Let’s now translate our Büchi automata back into $\omega$-regular expressions. To analyse a Büchi automaton into an $\omega$-regular expression, we need to know the words that the Büchi automaton accepts, and so to do this we’ll need to look at the underlying graph of our given Büchi automaton.

The main idea in this analysis is to split every run on our Büchi automaton into two parts:

• the finite prefix, where we can do whatever we jolly well please, and which here we’ll view as merely the first path taken to an accepting state, and
• the infinite prefix, where we must visit a subset of the accepting states infinitely often. We’ll view this as a set of cycles, each of which take us ultimately to the same accepting state (since we have to visit some such accepting state infinitely often to accept in the first place).

Having done this translation of acceptance conditions into paths, we can now work on a proper algorithm to do the job for us.

Given these sets of paths, we need to transform them into an $\omega$-regular expression, and so we need to know all the words which take us between any given pair of states in a Büchi automaton. We have an algorithm to do this, by treating the Büchi automaton as an NFA, and then analysing that NFA into a regular expression. Regular expressions denote sets of words, and so we end up with the set of words that we wanted after all. To get the right set of words which take us between any two given states, we tweak the start and accept states, and analyse the resulting NFA.

In particular, given a Büchi automaton $\automaton{Q}{\language}{\delta}{q_0}{F}$, to find the sets of words which take us from a state $q$ to a state $r$, we construct an NFA with:

• $Q, \language$ and $\delta$ unchanged,
• the start state set to $q$, and
• the set of accepting states set to $\set{r}$.

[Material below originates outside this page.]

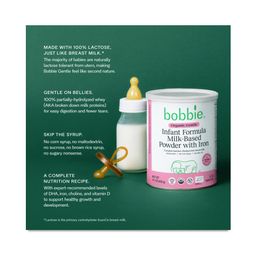 Organic Gentle® Infant Formula Milk-Based Powder With Iron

Denoting the set of words which takes us from state $q$ to state $q’$ as $W_{q \to q’}$, which is conveniently a regular expression, we then take our $\omega$-regular expression to be

\[ \bigcup\limits_{q \in F} W_{q_0 \to q} \cdot (W_{q \to q})^\omega \]

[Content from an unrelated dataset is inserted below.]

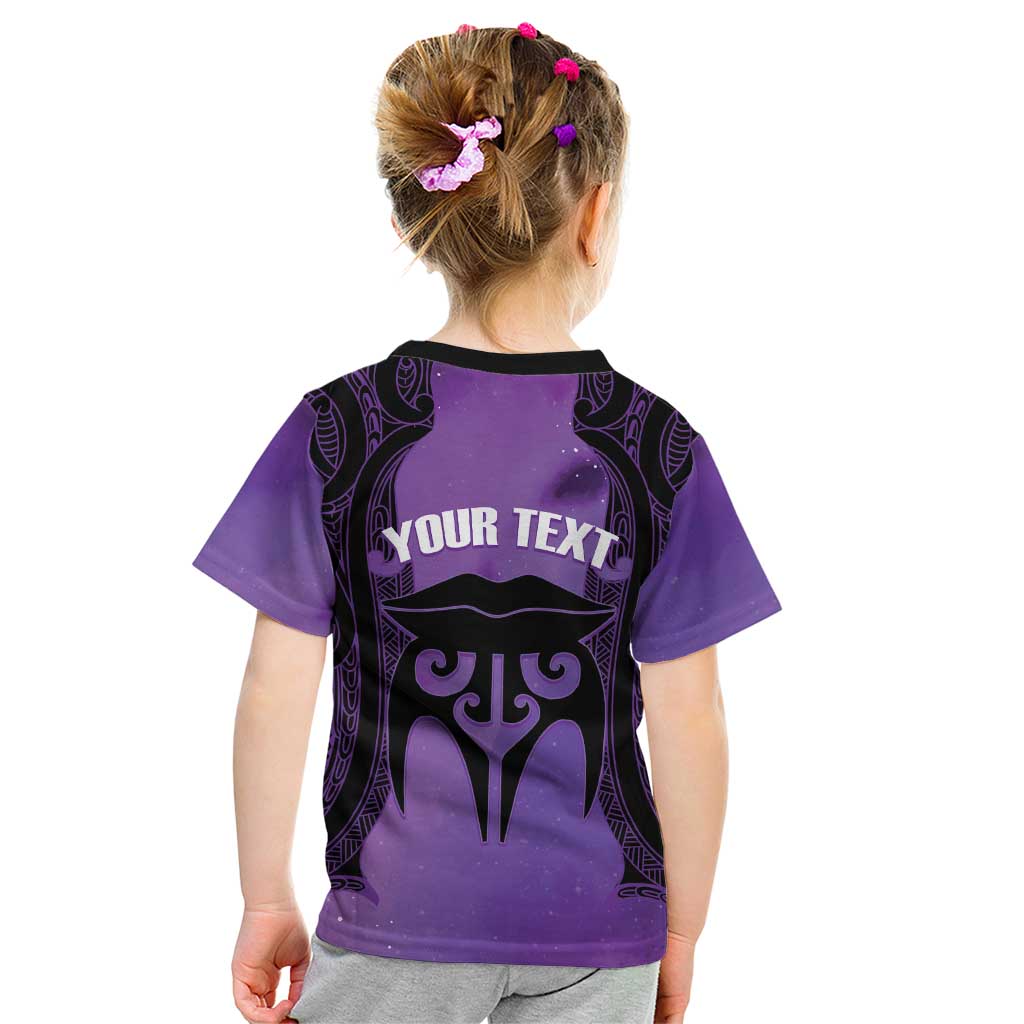 Personalised New Zealand Suffrage Day Kid T Shirt Maori Tattoo Galaxy Vibe LT14 - Polynesian Pride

wherein we see the finite prefix we treat as a path to the chosen accepting state on the left, and the infinite prefix where we infinitely cycle around some accepting state on the right. Thus we’ve analysed a given Büchi automaton into an $\omega$-regular expression, as we wanted.

Complexity

Unfortunately, at least at a coarse anaylsis, we don’t get the same merely linear blowup with analysis as we did with synthesis. The trouble here is that analysing NFAs into regular expressions can take a polynomial amount of time. Since we have to analyse NFAs into regular expressions in order to construct an $\omega$-regular expression, this means that we end up with the analysis problem for Büchi automata in NP.

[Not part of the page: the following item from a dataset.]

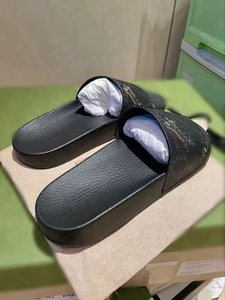 New Luxury Designer <b>Slippers</b> Casual Slides <b>Slippers</b> for Women <b>Leather</b> Outdoor <b>Slippers</b> Wholesale unisex - Product Image 2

That tells us that it’s easier to turn an $\omega$-regular expression into a Büchi automaton than it is to turn a Büchi automaton into an $\omega$-regular expression. Taking that with the intuition (at the very least my intuition) that Büchi automata are easier to read than $\omega$-regular expressions, and it seems like despite being expressively equal Büchi automata are the richer representation of the Büchi-recognisable languages.

Concluding Remarks

We’ve seen how to transform $\omega$-regular expressions into Büchi automata and back again, and how easy it is to do that transformation in either direction. It’s nice to have this result as an extension of the analogous synthesis and analysis of finite automata and regular expressions, and so it’s nice to see that Büchi automata really are a natural extension of finite automata.

Bibliography

• [1] J. R. Büchi. On a decision method in restricted second order arithmetic. Proceedings of the International Congress of Logic, Methodology and Philosophy of Science, 1–11, 1960.
• [2] Irving Copi and Calvin Elgot and Jesse Wright. Realization of events by logical nets. Journal of the Association for Computing Machinery, 5:181–196, 1957.
• [3] Stephen C. Kleene. Representation of Events in Nerve Nets and Finite Automata. Automata Studies, 1956.